Embracing bike lanes without public input is pure folly


By Townsend A. 
“Van” Van Fleet, Alexandria

To the editor:

Derrick Perkins’ article in the August 14 issue of the Alexandria Times titled “Prince and Cameron streets eyed for bike lanes,” highlighted city staff’s current position on this matter.

In this article, Carrie Sanders, who is a division chief in the department of transportation and environmental services, indicates that her agency already has decided to put bike lanes on Cameron and Prince streets. Additionally, the article relates that Jim Durham of the Alexandria Bicycle and Pedestrian Advisory Committee (an at-large committee not appointed by the city council) indicated that previous considerations by the city did not go far enough.

Essentially, it appears that city staff and the committee already have made up their minds as to what the final outcome will be on this issue.

If this is the case, these conclusions were drawn without much public input, since two significant public meetings on the matter have yet to occur. On September 30, the goals and needs of bicyclists and pedestrians will be discussed at the pedestrian and bicycle master plan meeting. On October 9, complete street guidelines will be addressed at the second meeting of the ad-hoc pedestrian and bicycle master plan advisory committee.

Given these apparently forgone conclusions, city staff is once again attempting a preemptive strike on an issue (look to the food truck task force debacle for an example) without having input provided by meetings and committees that are scheduled and convened by the city. It is becoming more and more apparent that these meetings are nothing more than pro forma occurrences to satisfy the requirement for public input.




  1. The Alexandria bike count is scheduled to be conducted by BPAC in mid-September.

    They are looking for volunteers to help with the count.
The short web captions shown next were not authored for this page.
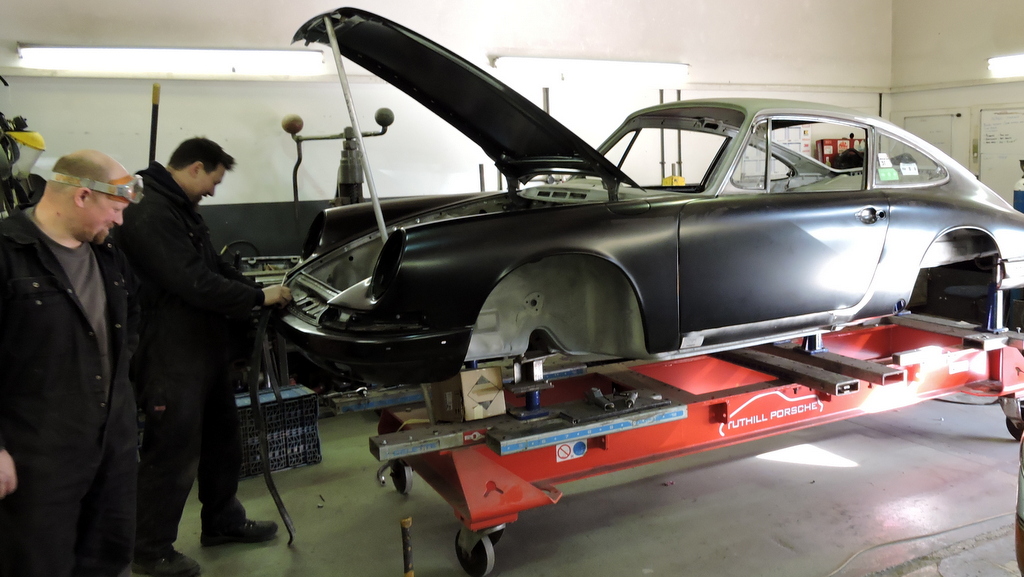 Car on a hoist at Tuthill Porsche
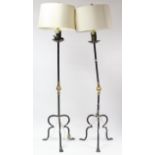 A pair of wrought-iron & brass standard lamps on triform bases, complete with shades (slight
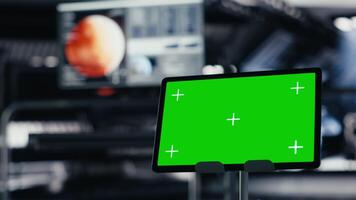 Close up of green screen tablet inside futuristic spacecraft bay used for monitoring system diagnostics. Chroma key device used for orbital navigation data in space station cockpit video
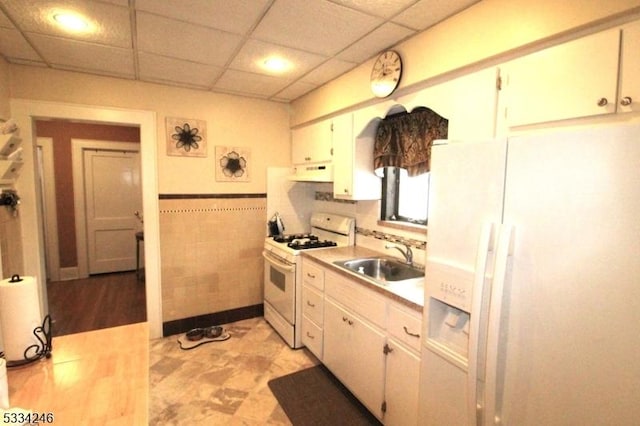 kitchen with white cabinetry, sink, tile walls, exhaust hood, and white appliances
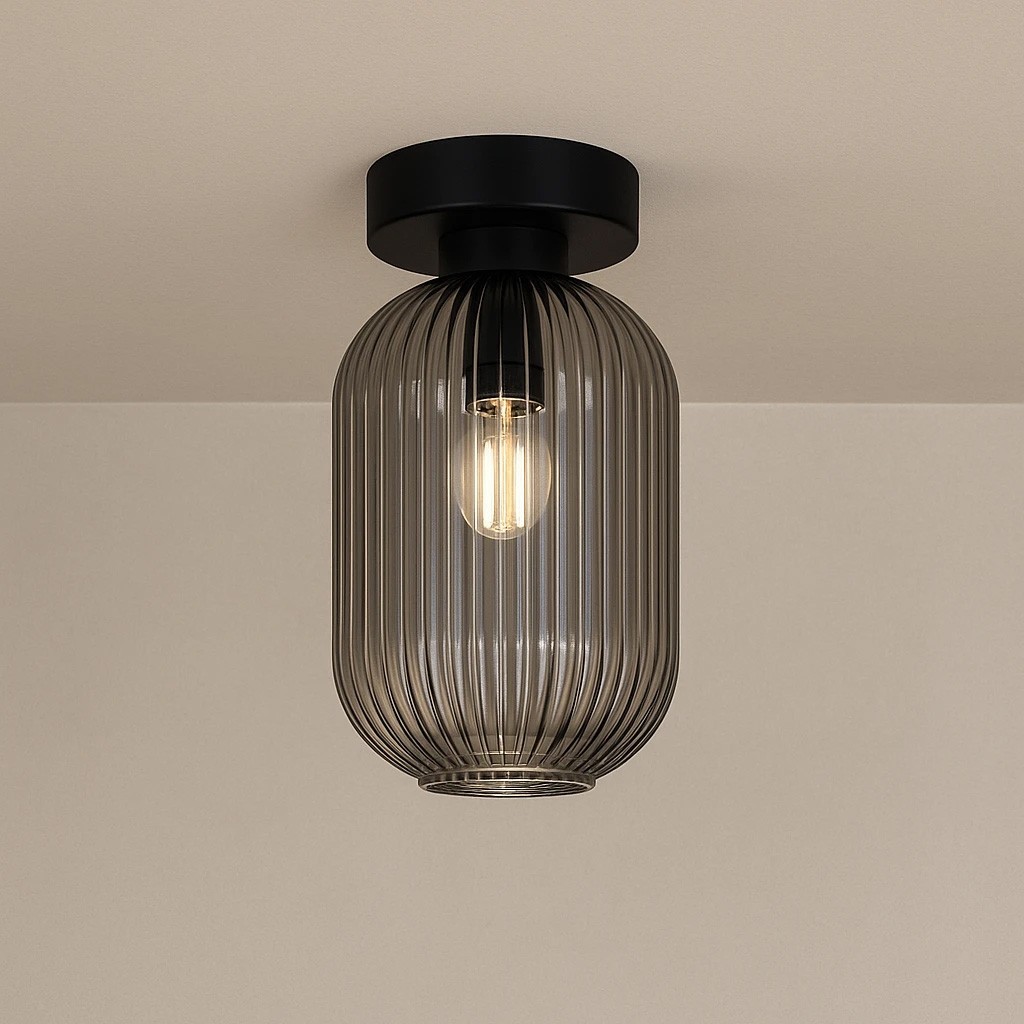 Lampa sufitowa Silva w kolorze czarnym i grafitowym, z przezroczystym, żebrowanym kloszem. Zawiera jedno gniazdo E27. Ujęcie z dołu, pokazujące lampę wiszącą na suficie, z widoczną żarówką w środku. Tło w jasnym odcieniu.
I would also encourage residents to count on the dates that are not scheduled by BPAC in order to compare their counts with those of BPAC’s.

    The bike lobby count will likely be artificailly inflated by the interest group active regional communications network. In good market research this is accounted for and discounted. But that requires a professional research effort.

  2. Is it really necessary for you to publish comments from Townsend Van Fleet? It seems redundant to print that he is against one city plan or another. For the past 22 years that I have lived in Old Town, I cannot recall a single proposal that he did not find fault with. If it included progress or change – Mr. Van Fleet was against it. In the future, I would prefer to hear some new voices – for or against – city plans. I believe that we can do without his consistently negative voice.